Question: Introduction to the Silk Road - what was it and why was it important?

The Silk Road Silk Road tour (or Sichou zhi lu 絲綢之路) is a term coined in the late 19th century by a German scholar to describe the trade routes that connected the Middle East, Ancient India and the Mediterranean to China. It was not one singular route but rather a network of routes overland and overseas.

Answer: Starting during the Han Dynasty (206BC - AD 220), silk was the major commodity being exported along these roads but it was along these routes that cultural, technological and agricultural innovations exchanged hands. For example, Buddhism spread through China along the Silk Road in the 1st century. There were many stops along the route that ended in Chang'an, the capital city of the Tang Dynasty (618-907) where the modern city of Xi'an Xian travel guide now sits.

After the Tang Dynasty the Silk Road’s importance deteriorated somewhat as trade focus shifted east but the routes remained open and significant and saw a reinstatement of importance under Mongol Rule. It was along these routes that Marco Polo came to China during the Yuan Dynasty (1279-1368).

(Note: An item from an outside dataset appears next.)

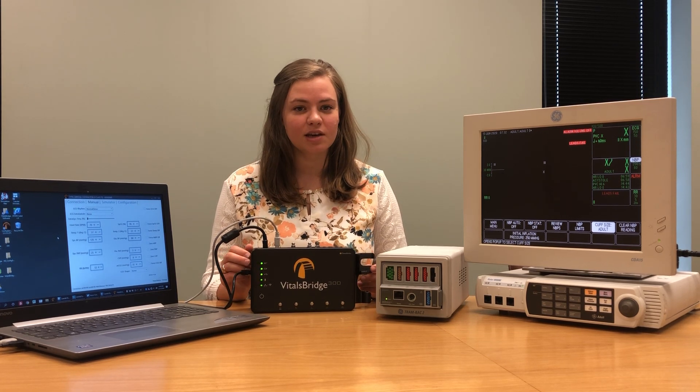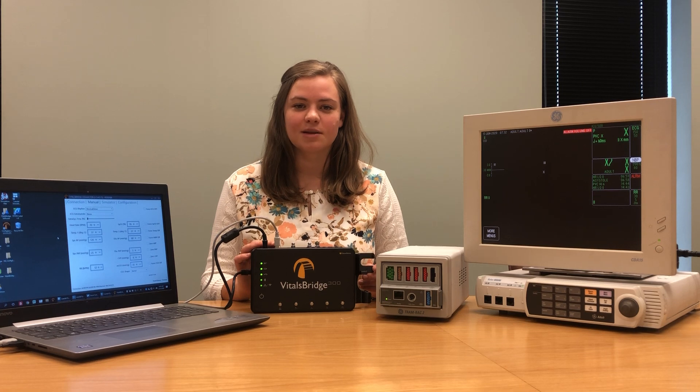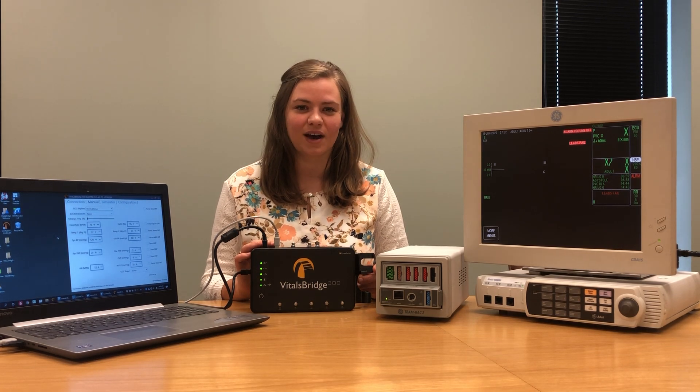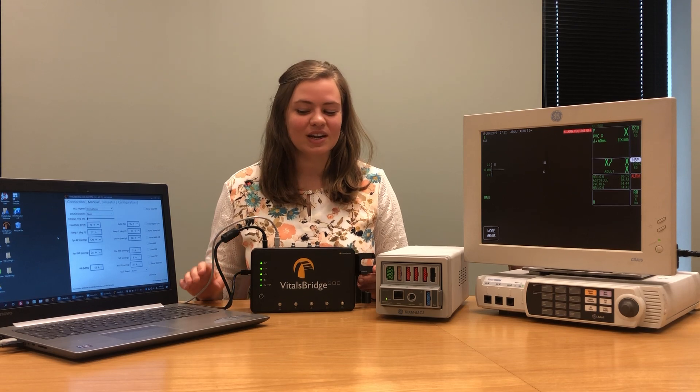If you're not using a computer you can also use any Android mobile device or tablet to control your VitalsBridge. Simply download the VitalsBridge connector app from the Google Play Store and connect your VitalsBridge to your electronic device via Bluetooth the same way you would connect any Bluetooth device. Let's get started.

As the Yuan Dynasty's grip over China waned, disunity along the routes prevailed with the rise of separate states and the increased use of sea routes for trade. The Silk Road's significance steeply declined after the fall of the Yuan Dynasty.

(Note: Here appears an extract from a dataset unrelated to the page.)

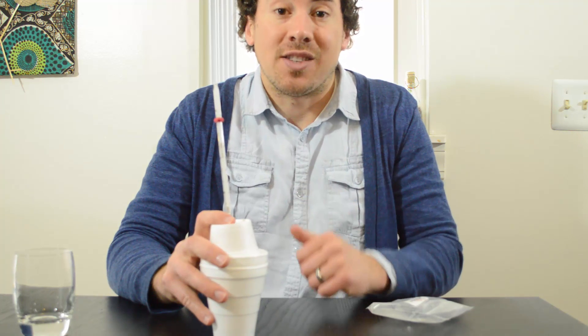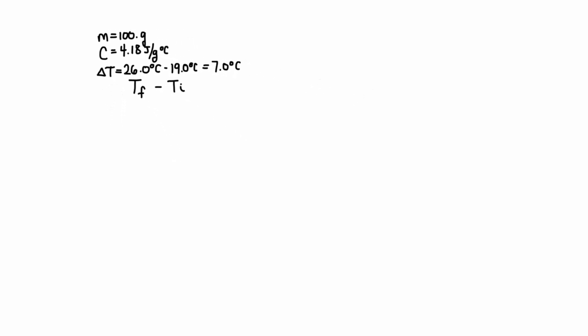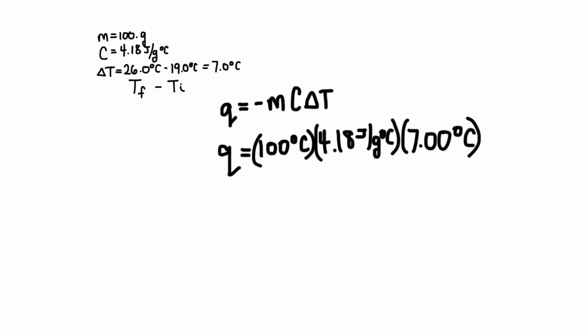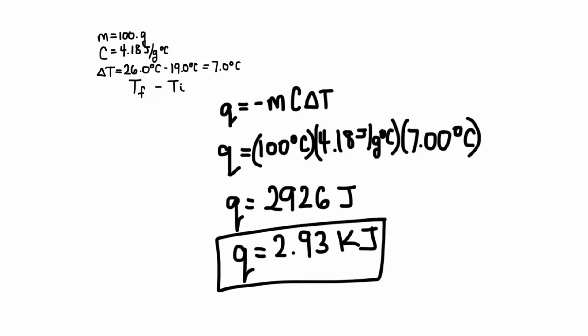Let's do the math and find out how much heat this reaction released. Here's all the data: the mass of the water was 100 grams, the specific heat of water is the constant 4.18 joules per gram degree Celsius, and the change in temperature is calculated by taking the final temperature minus the initial temperature — so 26 minus 19 gives a difference of 7 degrees Celsius. Using the calorimetry equation, I plug everything in: 100 times 4.18 times 7, and I end up with a heat of 2,926 joules. With a number that big, we usually convert to kilojoules by dividing by 1,000, giving us 2.93 kilojoules. That is the heat released during the dissolving of calcium chloride.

Today tourists can trace the footsteps of ancient caravan traders with tours along the Silk Road. There are many ancient sites and cities within China whose history China guide dates back to the time when trade thrived overland. Tour operators often have Silk Road itineraries. Taking a Silk Road tour can be a fascinating way to see and understand China's ancient history and ties with the rest of the world.